In 1993 a crop formation at Cherhill, England was discovered in which some of the epicenter plants were coated with an iron "glaze," composed of fused particles of apparent meteoritic origin. This coating consisted of comingled iron oxides (hematite and magnetite) fused into a heterogeneous mass, which was actually embedded in some of the plant tissue.

This crop formation formed during the annual August Perseids meteor shower. Levengood and Burke hypothesize (see "Semi-Molten Meteoric Iron Associated with a Crop Formation") that microscopic particles of meteoric dust (which are filtering toward earth constantly as meteors burn upon entering the earth's atmosphere, and which would be more abundant during an actual meteor shower) were drawn into the descending plasma system by the strong magnetic fields known to be associated with plasmas, then heated to a molten state by the microwaves (also known to be associated with plasma systems) prior to impact with the earth's surface.

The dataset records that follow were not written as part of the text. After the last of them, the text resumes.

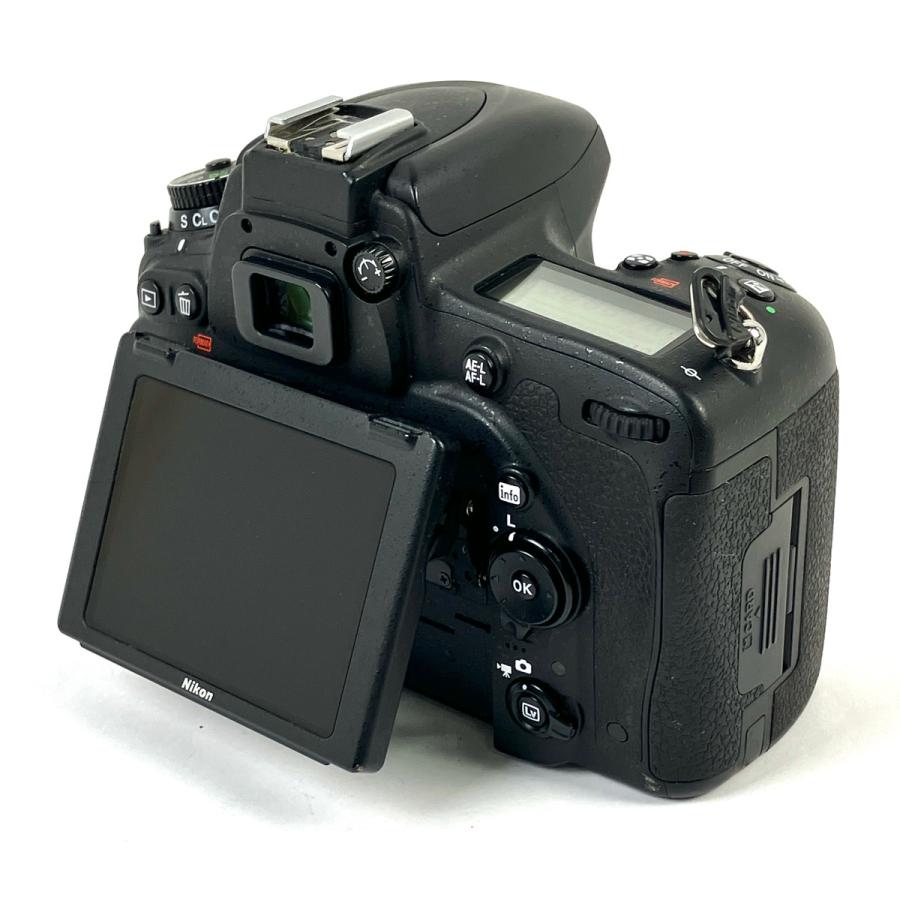 ニコン Nikon D750 24-120 VR レンズキット デジタル 一眼レフカメラ 中古_2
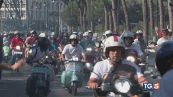 80 anni della Vespa, raduno e passione
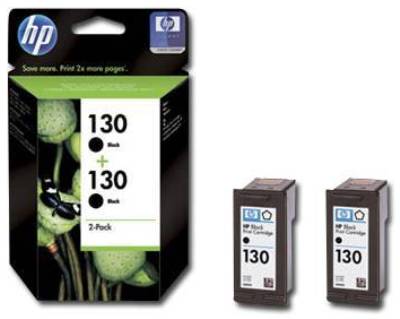 Картридж HP 130 (C9504HE Dual Pack)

Photomicrograph (100 X) of soil from a crop circle showing traces of melted magnetic material adhering to soil grains.


After this 1993 discovery, regular soil sampling was instituted at most crop circles sampled by the BLT Team. Subsequently, tiny 10-40 micron diameter spheres (and/or partially ablated particles) of unusually pure iron have been regularly found in soils from crop circle sites. Sometimes clusters of these very small, perfectly spherical, magnetic particles are found; sometimes larger spheres (40-50 microns in diameter), which are strongly magnetic, are discovered adhering to bits of soil covered, or inter-mixed, with a partially-melted glaze of the same material.

Photomicrograph (100 X) of 10-40 micron diameter, spherical, magnetic particles of the type regularly found in crop circle soils. EDS reveals
these spheres to be pure iron; the fact that they are magnetized
reveals they were formed in a magnetic field.


Most often these magnetized spherical particles are found clustered around, or just outside, the perimeters of circular crop formations, suggesting that centrifugal force from a spinning vortex is distributing this material to the edges of the formations. We have seen cases, however, where the major deposition of this material is in the soil at the centers of the circles, the amounts then dropping off toward the perimeters. And we have instances where the magnetic material is deposited linearly, usually in increasing amounts as one samples out toward the perimeters of the circles, again suggesting a rotating force as the distribution agent.